• _Input_:
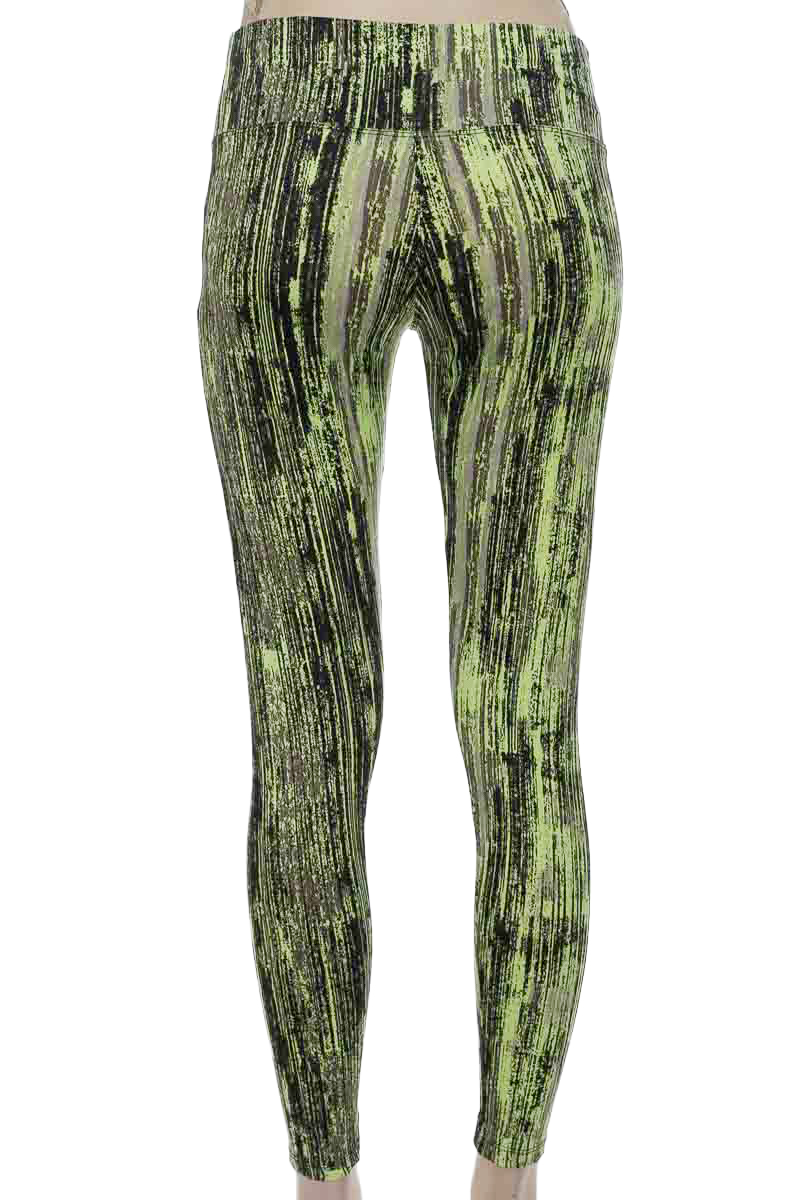 Ropa Deportiva / Salida de Baño color Verde - Closeando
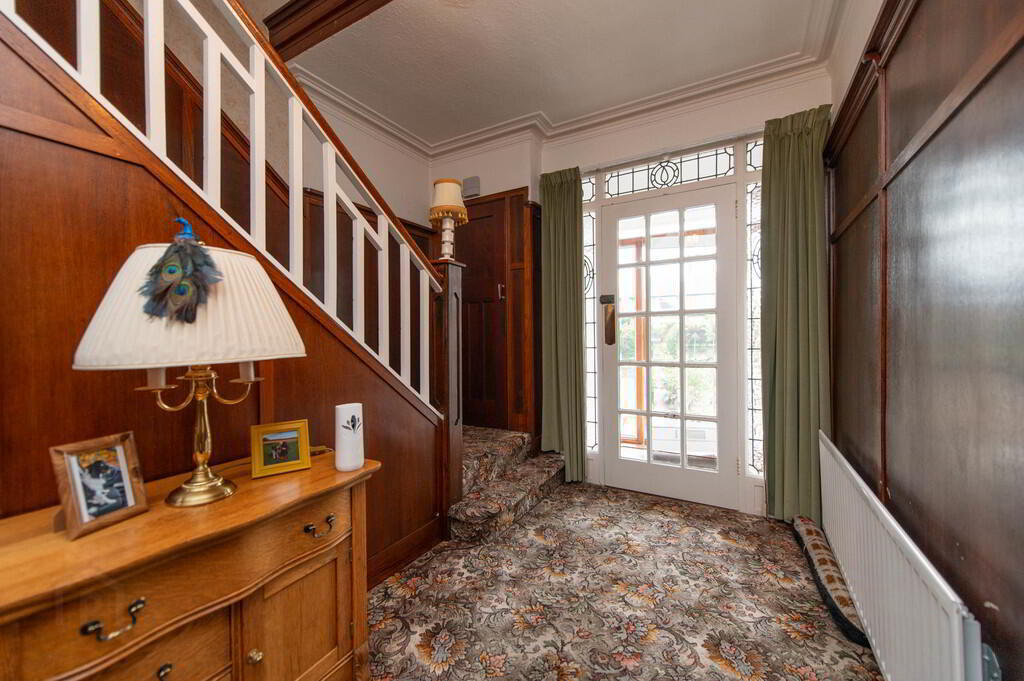 256 Holywood Road 3 of 28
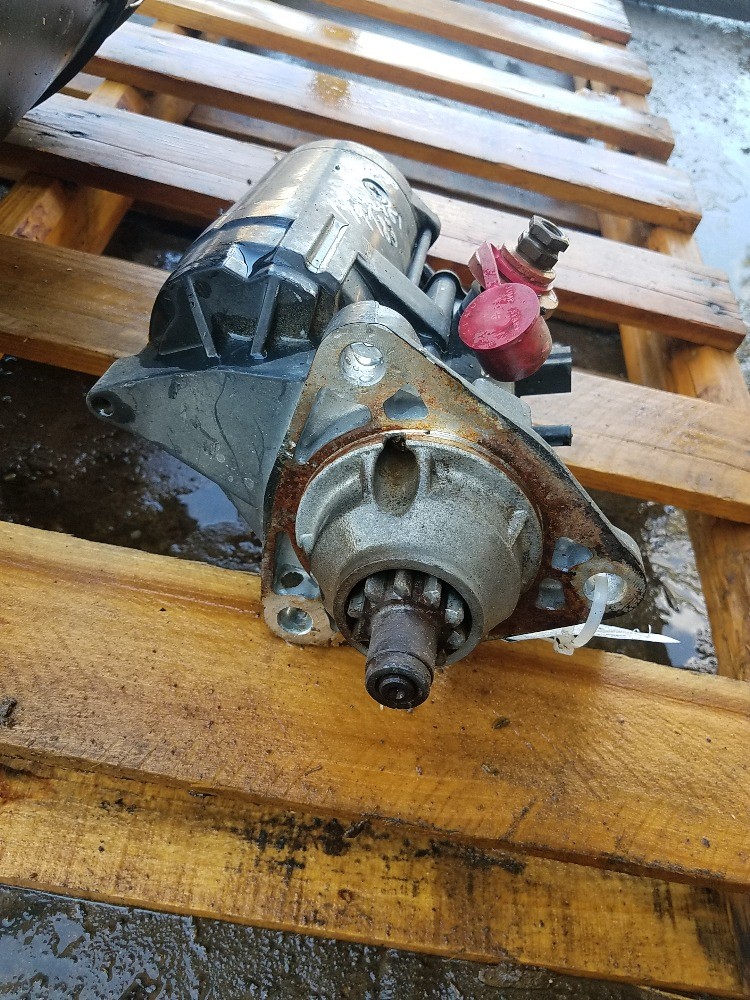 Case/case I.H. MX230 Starter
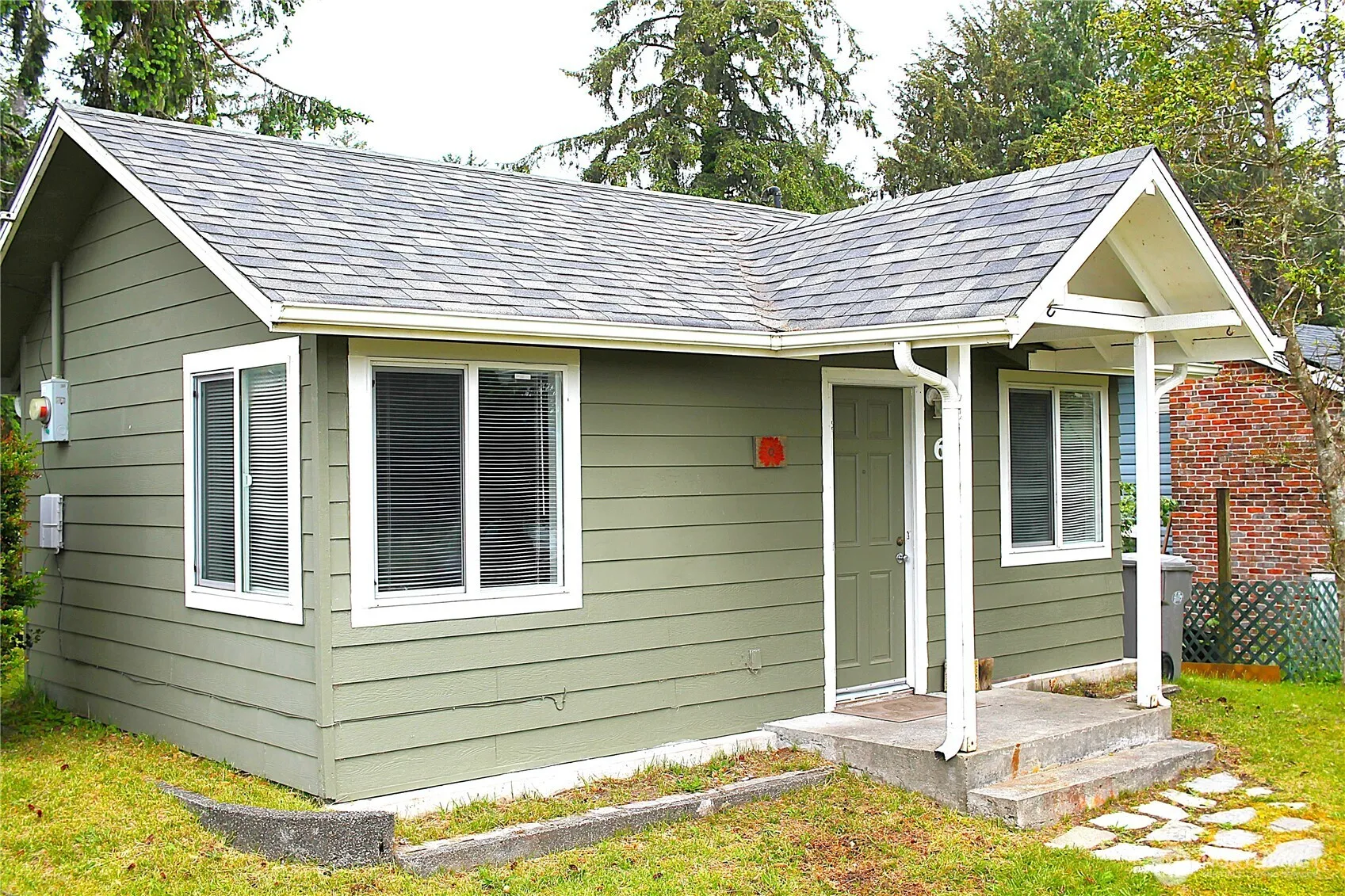 Property photo for 603 N Broadway Street, Westport
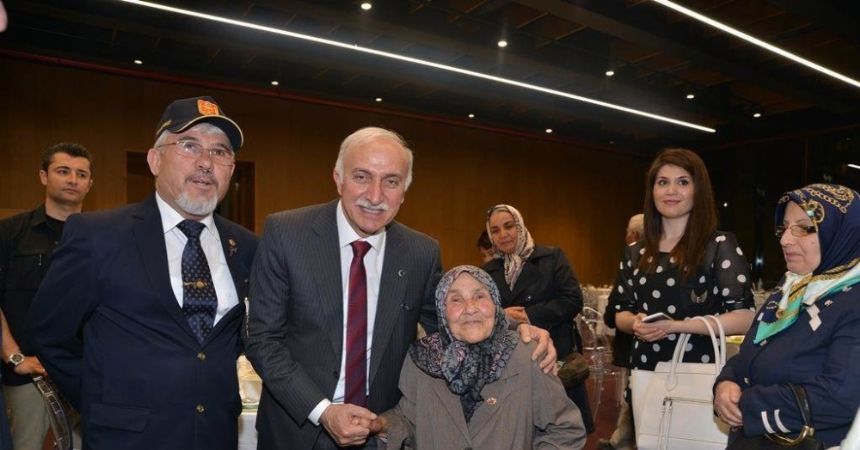 'O talepleri emir kabul ederiz' 'O talepleri emir kabul ederiz'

• _Assignment_: From the line that contains "Case/case I.H. MX230 Starter" to the final line of the material, write out each line exactly. Pictures stay out.

• _Output for this exercise_:
 Case/case I.H. MX230 Starter
 Property photo for 603 N Broadway Street, Westport
 'O talepleri emir kabul ederiz' 'O talepleri emir kabul ederiz'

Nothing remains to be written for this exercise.